Another of ZIM's primary strengths is our operational excellence. A key component of this sustainability, we are committed to responsible corporate citizenship with a particular focus on implementing policies and initiatives that help mitigate the impact of our operations on our planet. Consistent with this critical objective, we moved quickly, as promised in our IPO roadshow and 2 weeks after pricing, we announced the conclusion of a strategic long-term charter agreement with Seaspan. In February, we announced for 10 green 15,000 TEU LNG dual-fuel vessels. We are proud that this transaction will position ZIM as a leader in terms of carbon intensity among global liners.
Other key features of our operational excellence include our continued emphasis on effectively managing costs and our equipment needs.
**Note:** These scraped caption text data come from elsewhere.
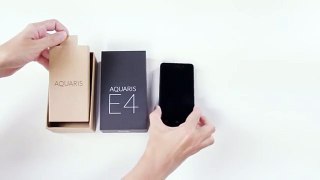Smartphone bq Aquaris E4  Primeros pasos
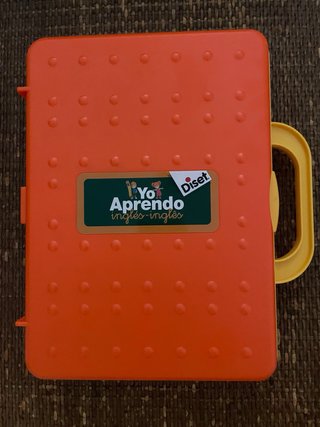 Juego Diset Aprendo Inglés Maletín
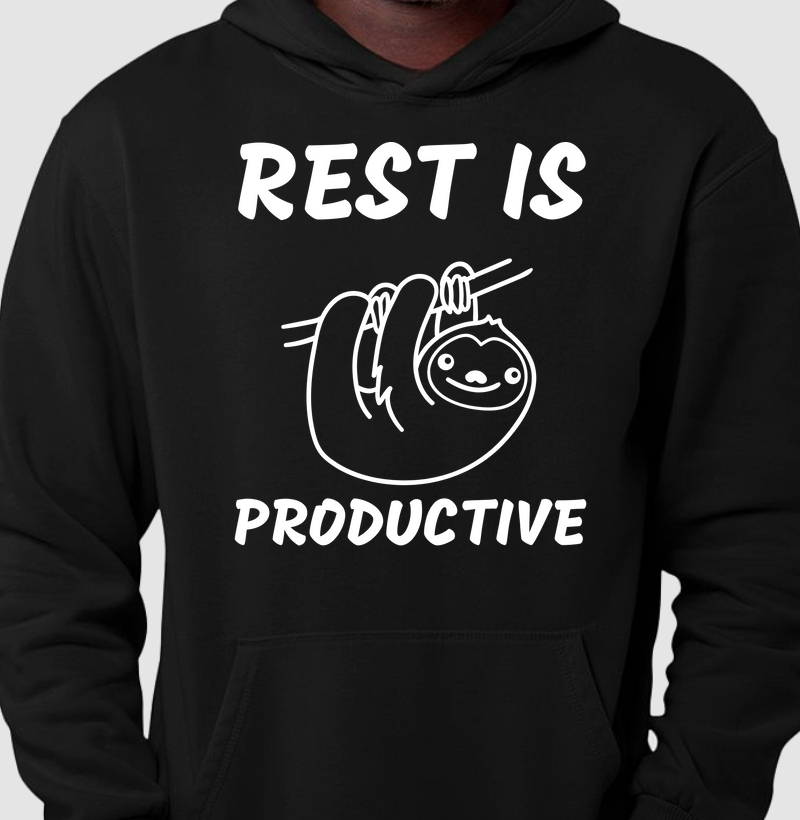 rest is productive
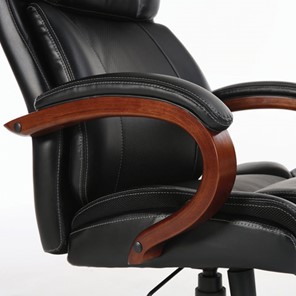 Компьютерное кресло Brabix Premium Magnum EX-701 (дерево, рециклированная кожа, черное) в Челябинске - предосмотр 8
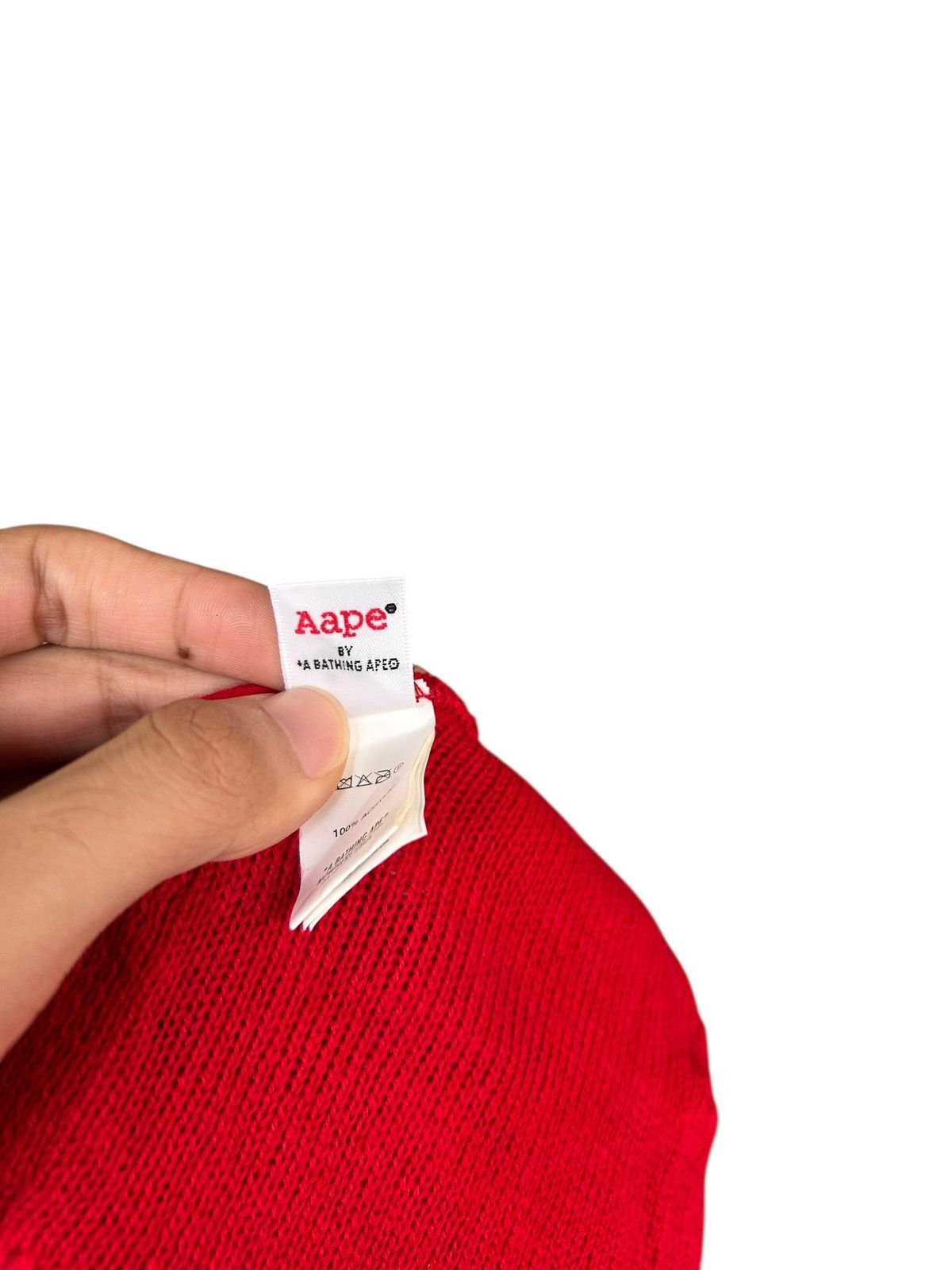 Japanese Brand × Kapital × Vintage Aape A Bathing Ape Beanie Hats Size ONE SIZE - 10 Thumbnail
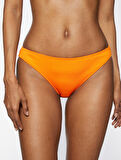 Dokulu Basic Bikini Altı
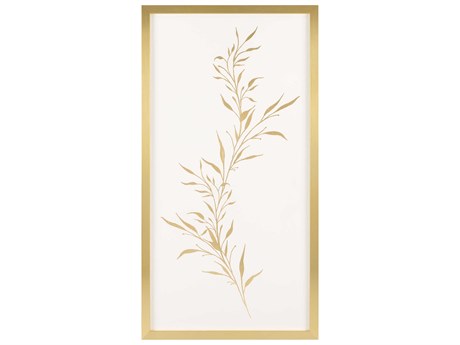 John Richard Golden Vines A Wall Art
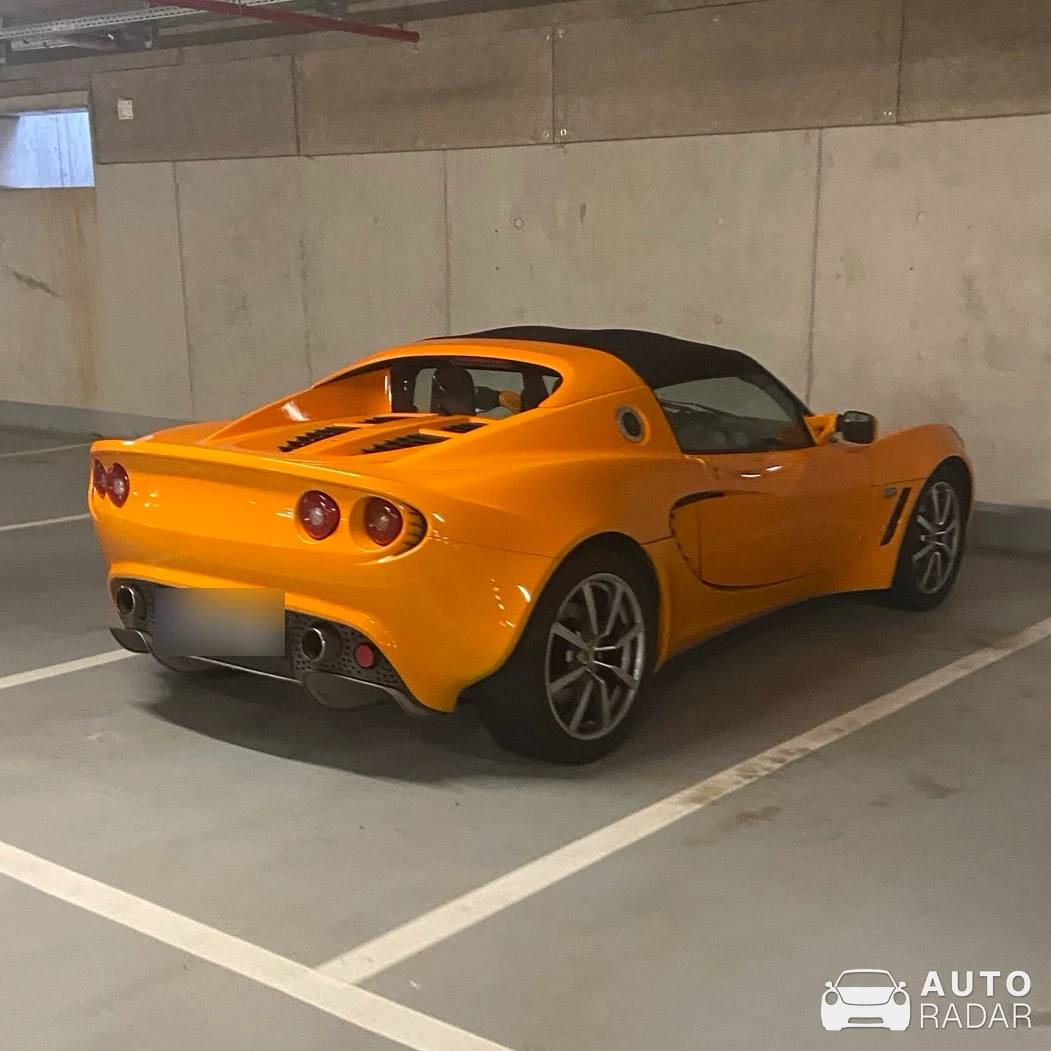 Lotus Elise S3 SC spotted in Nürburg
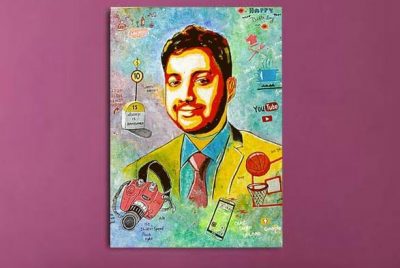 Poetry on Canvas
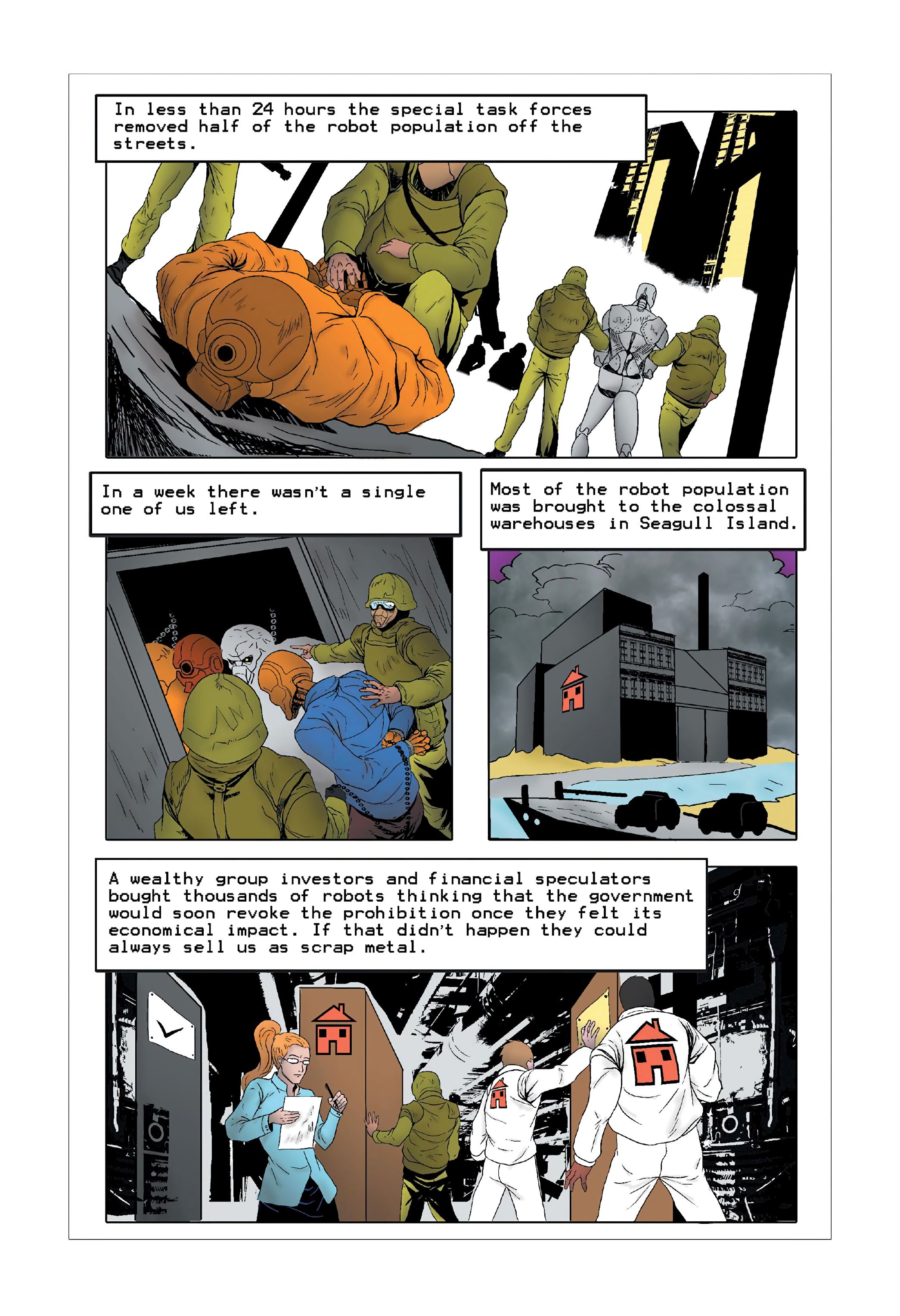 Read online Horror City Chronicles comic -  Issue # TPB (Part 2) - 59
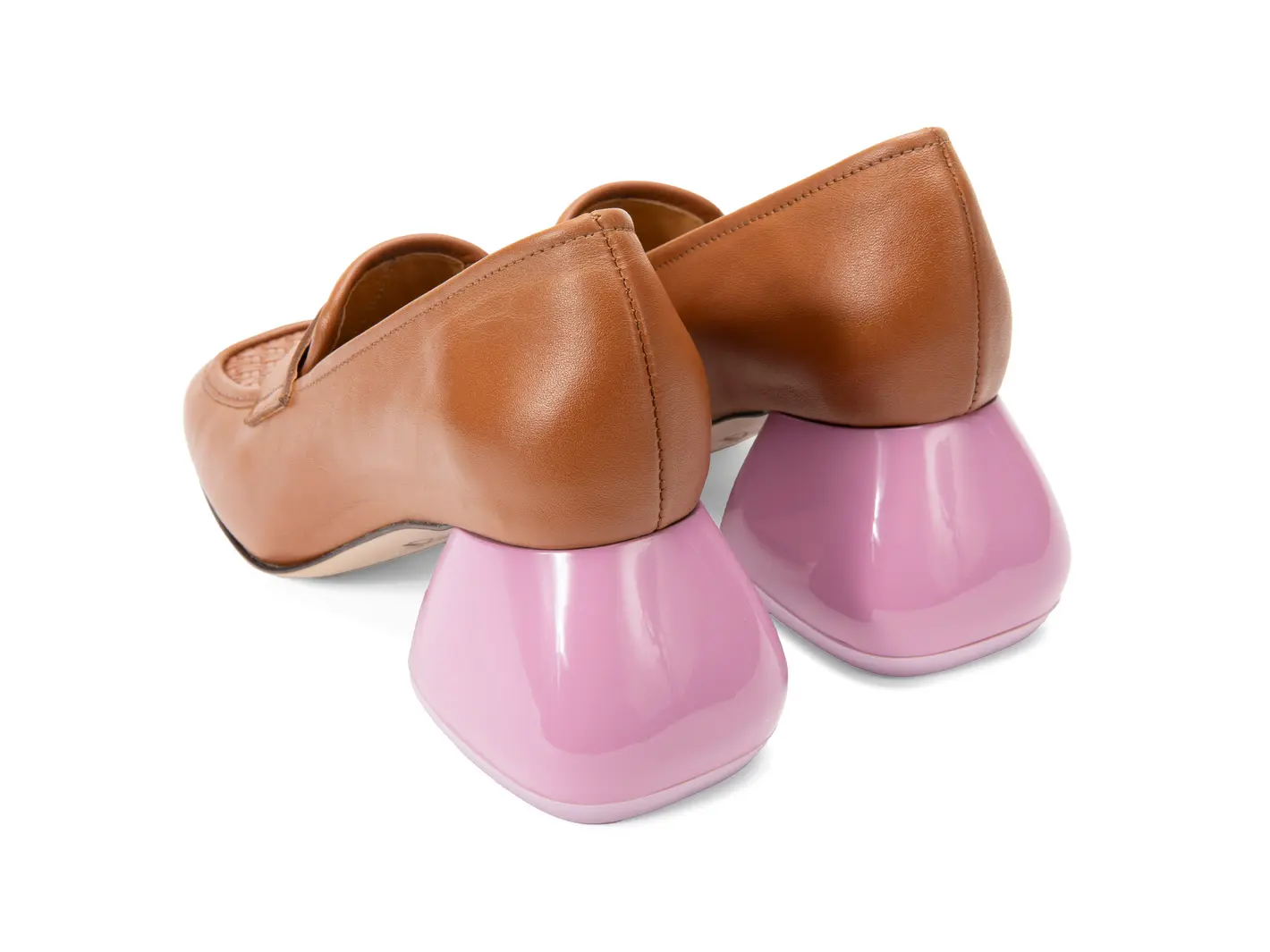 John Fluevog Bee Penny Loafer Heels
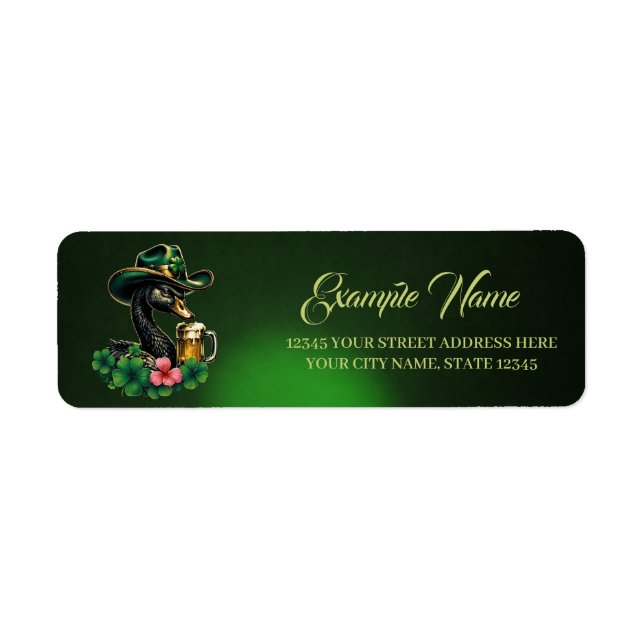 A touch of Ireland: (Front)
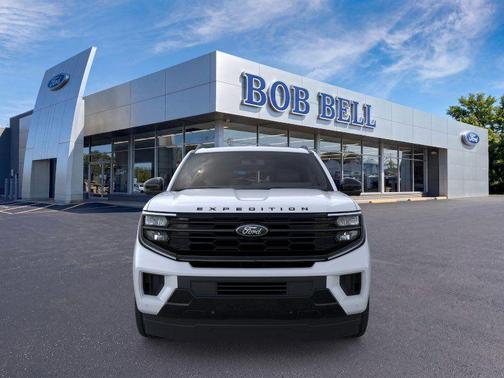 Silver 2026 Ford Expedition Platinum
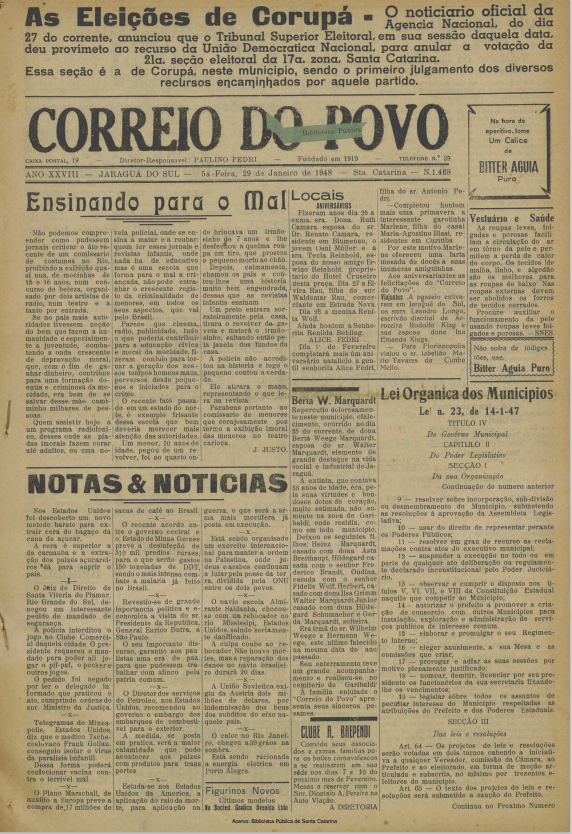 Jornal Digital O Correio do Povo edição 481468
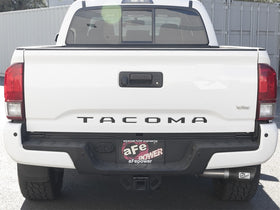 aFe MACH Force-Xp 2-1/2in 304 SS Cat-Back Exhaust w/Black Tips 2016+ Toyota Tacoma L4-2.7L / V6-3.5L - 0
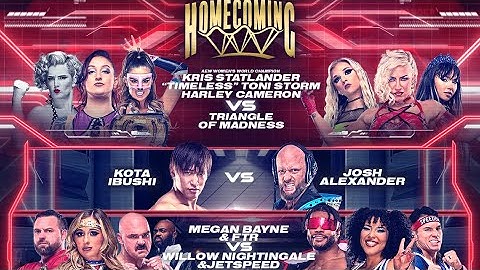 WWE 2K25 AEW Collision Homecoming 10/11/25 Full Show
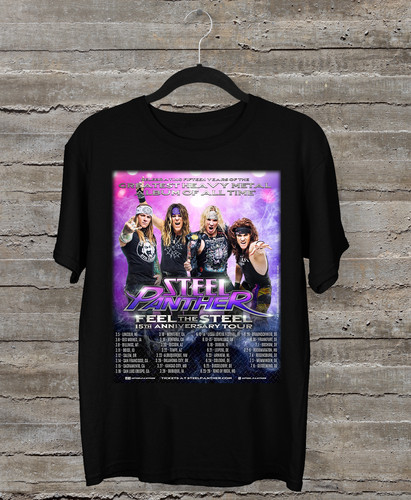 New steel panther band 2025 - new,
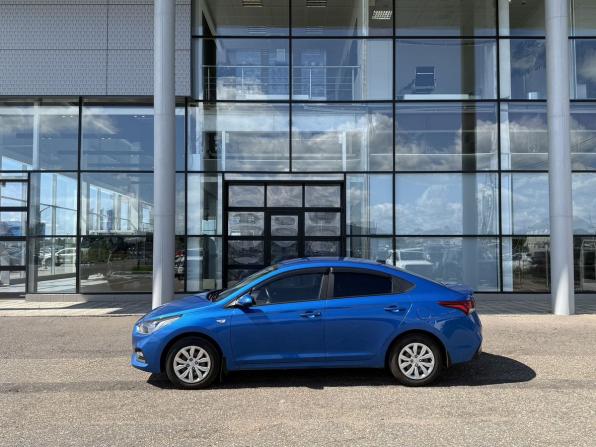 Hyundai Solaris II с пробегом 2017 года, цена 1 165 000 рублей, 103000 км, седан, Автокод Объявления
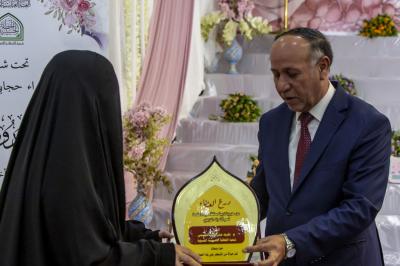 مدير تربية كربلاء: مشروع الورود الفاطمية نظّم برؤية بعيدة المدى من السيد الصافي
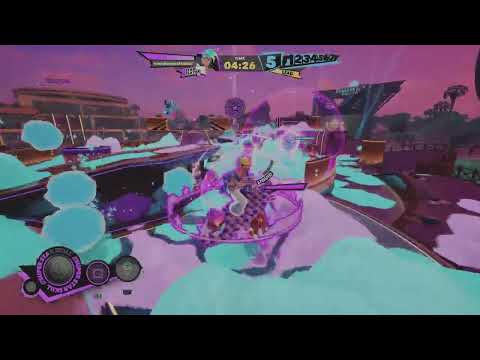 FOAMSTARS 危なかった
Given our significant growth, combined with the current congested market and limited availability of containers, we have made substantial investment in new equipment, already starting in 2020, to best position ZIM for the future.
Since January 1, we have entered into agreement for the purchase of containers, mostly new built units, for a total of approximately $588 million and we will grow our container fleet from approximately 640,000 TEU as of the end of March 2020 to exceed 900,000 TEU to at year-end to both meet our growing business and address challenges caused by port congestion.
Finally, we have continued to invest in disruptive technology, further establishing ZIM as a leading digital shipping company. In March, we announced our participation in Series B financing round of WAVE BL, a developer of groundbreaking blockchain-based platform, supporting paperless trend in the shipping industry. We view our early investment in WAVE BL in 2017 as a major win, as our objective since inception was for suborder industry adoption. We are delighted to see the growing acceptance of WAVE technology, including by other global carriers.
Most recently, we established ZIMARK, a tech company that we expect will revolutionize scanning base on its colorful market, long-range scanning capabilities and ability to scan multiple items simultaneously. We are excited about ZIMARK's potential to impact shipping and broader logistics sectors, consistent with landmark innovation that will transform other industry.
We are proud of the progress we have made renovating ZIM as a resilient and robust digital shipping company that utilizes sophisticated digital strategies to power new services and build opportunities for our customers.
I will now turn the call over to Xavier, our CFO, for his comments on our financial results and market development. Please.
Xavier Destriau - CFO
Thank you. Thank you, Eli, and again, welcome, everyone, to our quarterly update. I will now briefly discuss our KPI-specific Q1 figures and our strong cash position. Additionally, I would like to first reiterate Eli's comments on our success during the quarter, drawing on our differentiated model and proactive strategies to generate record results.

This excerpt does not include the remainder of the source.